But,  im on gnome. It's the same?


----------



## SirDice (Jul 13, 2021)

Spity said:


> But, im on gnome. It's the same?


Then it's the copy/paste functionality of Xorg.


----------



## grahamperrin@ (Jul 13, 2021)

*TIL* it's possible to paste in xterm.

It's taken me this long (years) to discover because I 'grew up' using mice without middle buttons.

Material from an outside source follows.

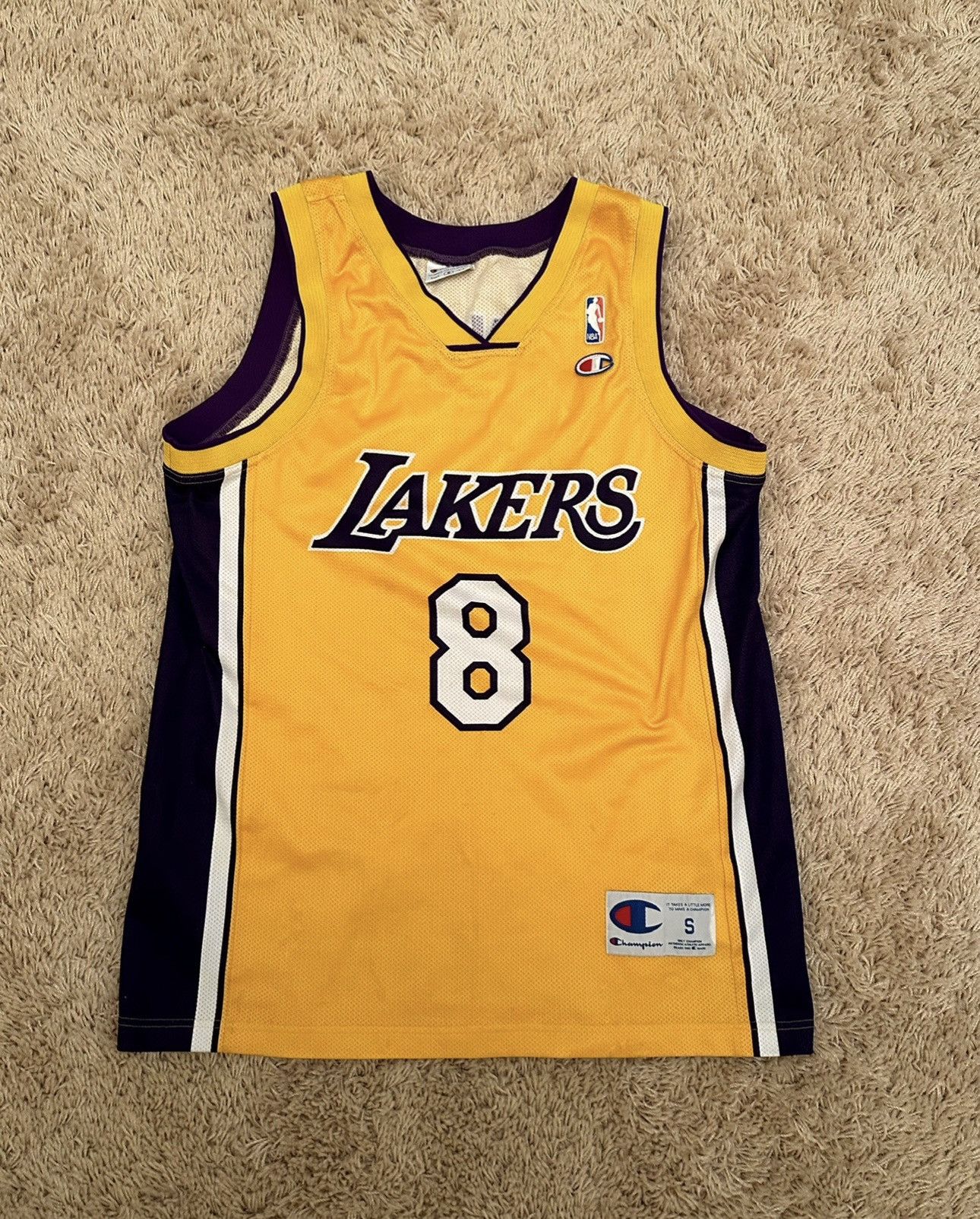 Champion Vintage 1991 Kobe Bryant Los Angeles Lakers NBA Jersey Size US M / EU 48-50 / 2 - 1 Thumbnail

Ha.


----------



## mtu (Jul 13, 2021)

At least for shells/bash, the solution is to either `set enable-bracketed-paste off` in ~/.inputrc (like you tried), or compile devel/readline configured with `--disable-bracketed-paste-default`. There's a bug report that aims to make this the default: PR 253142

Check if your application (shell, terminal, could be several things involved) actually uses devel/readline, or if you need to look for that setting somewhere else.


----------



## memreflect (Jul 14, 2021)

You mentioned zsh, so I had a look at the man page zshall(1).  ZLE is the line editor that zsh uses rather than devel/readline or something similar.  It turns out that you can simply `unset zle_bracketed_paste` in an interactive session to disable it for that session.  You can also simply disable the highlighting to retain the "safety" feature provided by bracketed paste using `zle_highlight=('paste:none')` in your .zshrc.

Zsh has 8 possible files that it reads upon startup, and using `unset zle_bracketed_paste` in *every one of them* still did not disable bracketed paste at the start of an interactive session, whether it was a login shell or not.  Bracketed paste is enabled by default, so if it's unset (or not an array) then it is subsequently enabled.  This behavior makes some sense at least: startup files are read prior to ZLE's initialization because the session may not be interactive, and if ZLE's initialization code doesn't find an array named zle_bracketed_paste, probably because it was unset or simply not declared in a startup file, then it will create the array and set default values.

Rather than unsetting the variable in vain, you need to declare the variable as an empty array using `typeset -A zle_bracketed_paste` in something like .zshrc instead of unsetting it.  This only works because the ZLE code simply checks whether zle_bracketed_paste is an array of length 2 to determine whether to print the "bracket" strings.  This means if it's an array with any other length, the "bracket" strings will not be printed to the terminal, and the terminal will not interpret the pasted text.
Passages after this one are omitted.